EXERCISE AIM: Transcribe exactly, please, the line bearing "Freechat grettchen on CamSoda" and all later lines through the end of the records, with the pictures left out.

[Dataset entries]

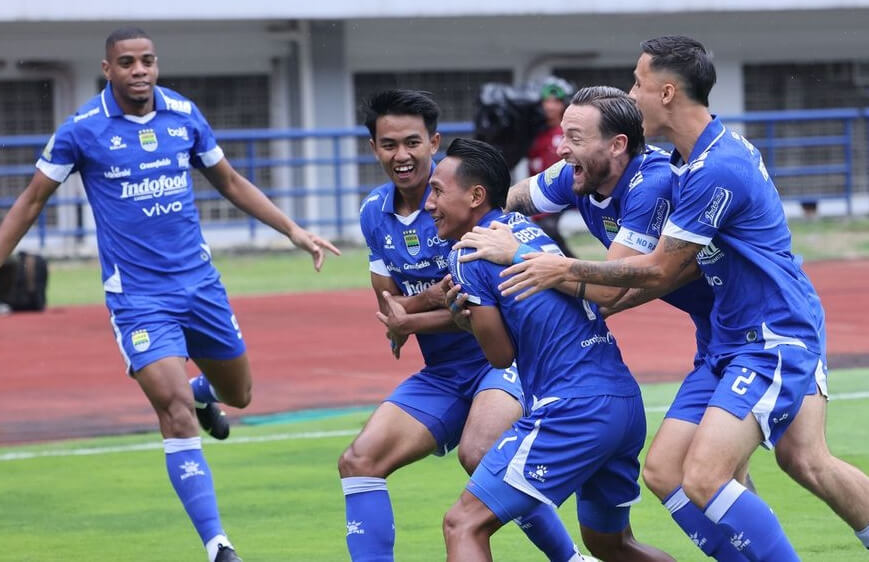 Misi Kakang Setelah Persib Jadi Pemuncak Klasemen Paruh Musim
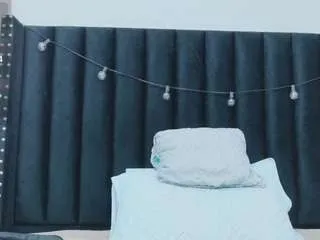 Freechat grettchen on CamSoda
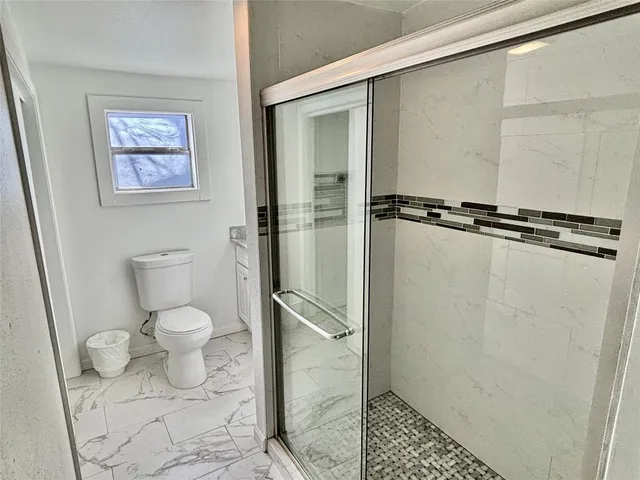 $2,500 | 2910 East 12th Street, Austin, TX 78702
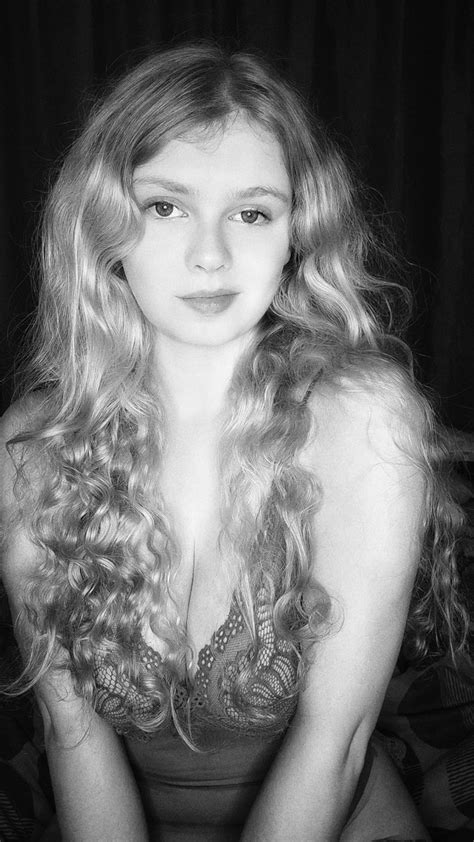 Mariaclarck00 Leaks PORN 30 Photos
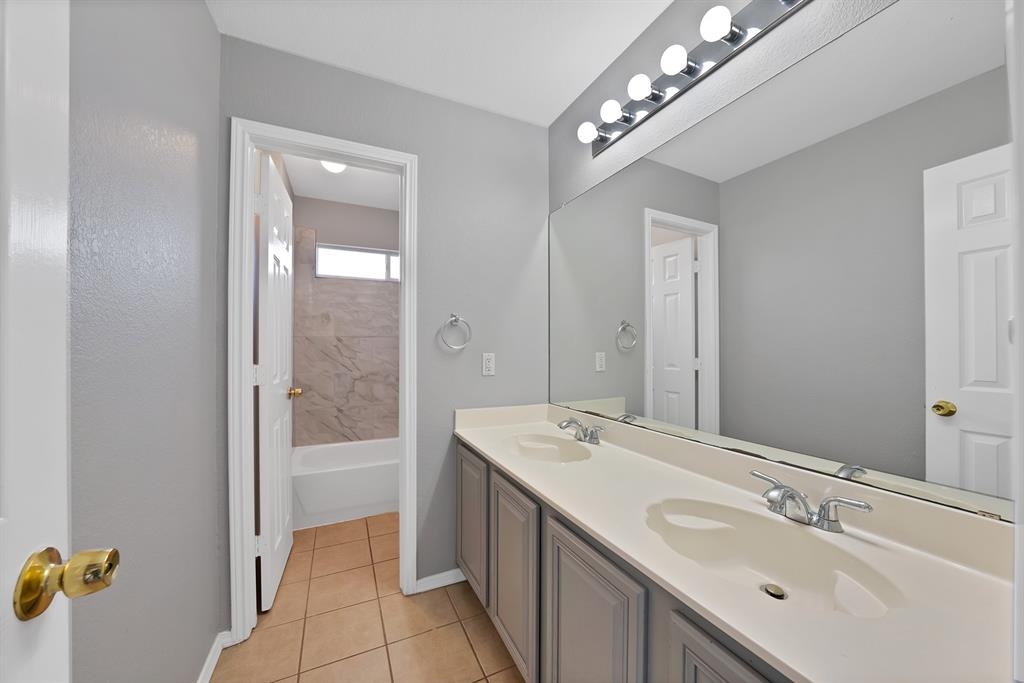 Westgate Ph 3 - Residential Lease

RESULT OF THE EXERCISE:
 Freechat grettchen on CamSoda
 $2,500 | 2910 East 12th Street, Austin, TX 78702
 Mariaclarck00 Leaks PORN 30 Photos
 Westgate Ph 3 - Residential Lease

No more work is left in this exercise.